1. Enable Drive’s offline features

Google Drive can work offline, but you have to activate the feature first: click the cog icon on the front page of Drive, then choose Settings. On the General tab tick the box marked Sync… offline and Drive begins caching recent Docs, Sheets, Slides and Drawings to your computer. You can’t watch videos or open photos while you’re offline, but you can view, edit and create files in the native Google Drive formats when you don’t have connectivity.

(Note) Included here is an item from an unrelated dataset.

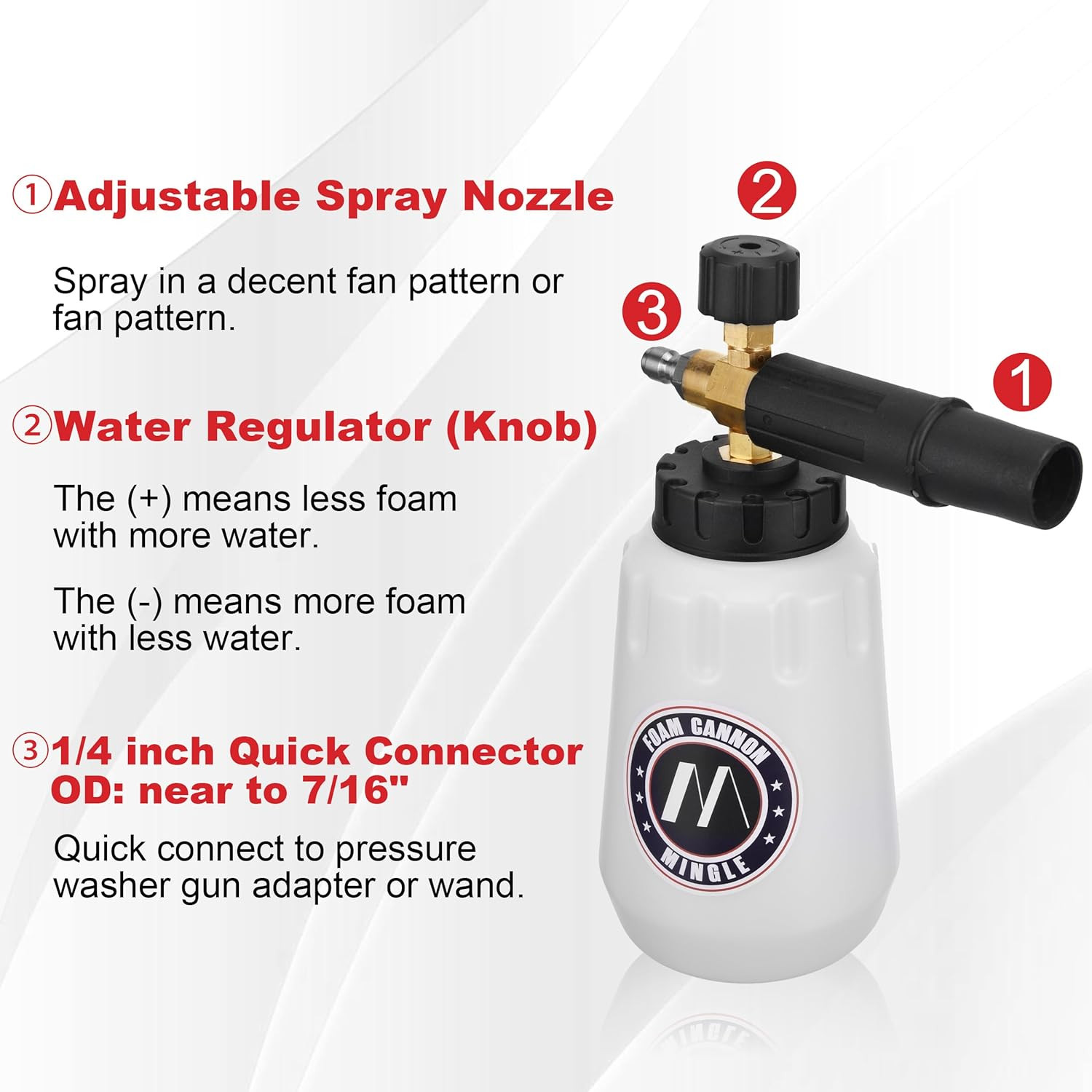 Foam Cannon Dual Connector Accessory for Pressure Washer Kit, Compatible with Po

2. Search inside PDFs and images

Did you know Google Drive will scan through the text in PDFs and images and make it fully searchable? Just upload a photo of a clearly typed PDF and try it. You can even open up and edit these files too: right-click on a PDF or image, then choose Open with and Google Docs. Depending on the quality of the file and how legible the text is, you might not get perfect results every time, but it’s a useful option to have ready for scanned documents.

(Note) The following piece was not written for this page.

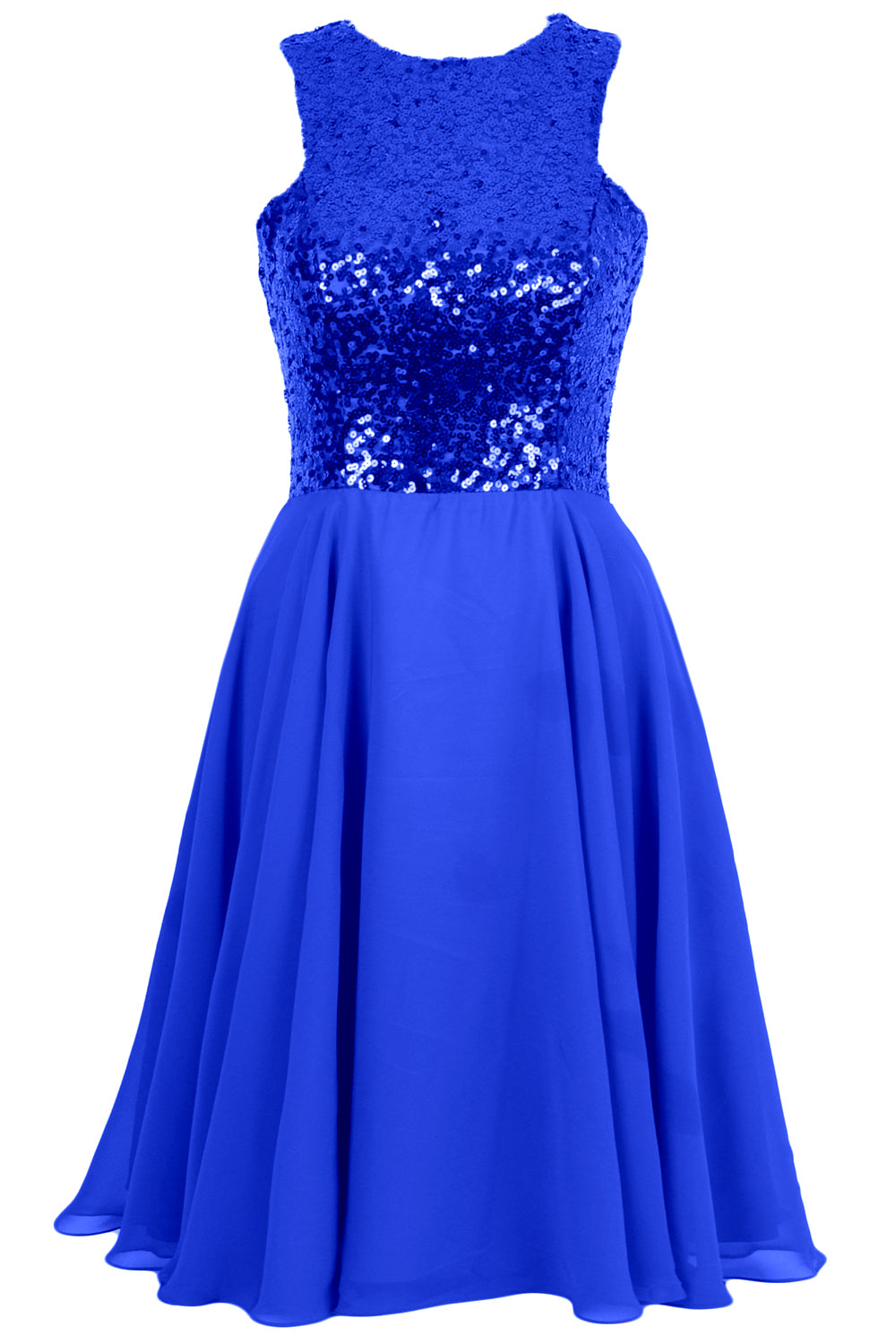 MACloth Elegant Sequin Chiffon Prom Homecoming Dress Short Bridesmaid Gown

3. Find your files more easily

Google’s pretty good at search and so you would expect there to be plenty of advanced search features available in Drive—click the drop-down arrow next to the search box to see some of them. Use “owner:[email protected]” to find documents shared by a certain someone, or “before:yyyy-mm-dd” or “after:yyyy-mm-dd” to restrict your search by date. Add “title:searchterms” to search document titles rather than the whole text of each one.


4. Scan images in a snap

If you’ve installed the Google Drive app for Android then you can use your phone as a portable scanner (the feature hasn’t yet arrived on iOS alas). From the front screen of the app, tap the large plus icon, then choose Scan from the pop-up menu. You can rotate and crop images manually (though the automatic detection works pretty well), plus create multipage documents, and your scans are instantly uploaded to Google Drive as PDFs.


5. Take your files back in time

Drive keeps older versions of your files just in case you want to go back to them (very handy if you’re working on documents with other people). For a native Drive file, open it and choose File then See revision history; for any other type of file, right-click on it in the document list and pick Manage versions. The pop-up menu to the side of each version lets you download, delete, and permanently keep files past the standard 30-day window.


6. Dictate documents with your voice

Typing has been around for a long, long time but it’s not the only option for creating documents—you can also dictate them using your voice, and you might find it’s faster for you. Inside a document select Tools, then Voice typing, then click the microphone and you’re away: right-click underlined words to see alternatives if you need to. Various voice commands like “italics”, “go to the end of the line” or “question mark” work as well.


7. Find files with Google Now

Here’s another tip for finding files in your Google Drive account: enlist the help of the Google Now digital assistant to do it. Launch the Google app voice search (note this only works on Android for now) then say “search Drive for” followed by your request—you can only look for specific search terms rather than anything advanced, but it’s a useful option nevertheless. Tap the back arrow (top left) to go to the main Google Drive interface.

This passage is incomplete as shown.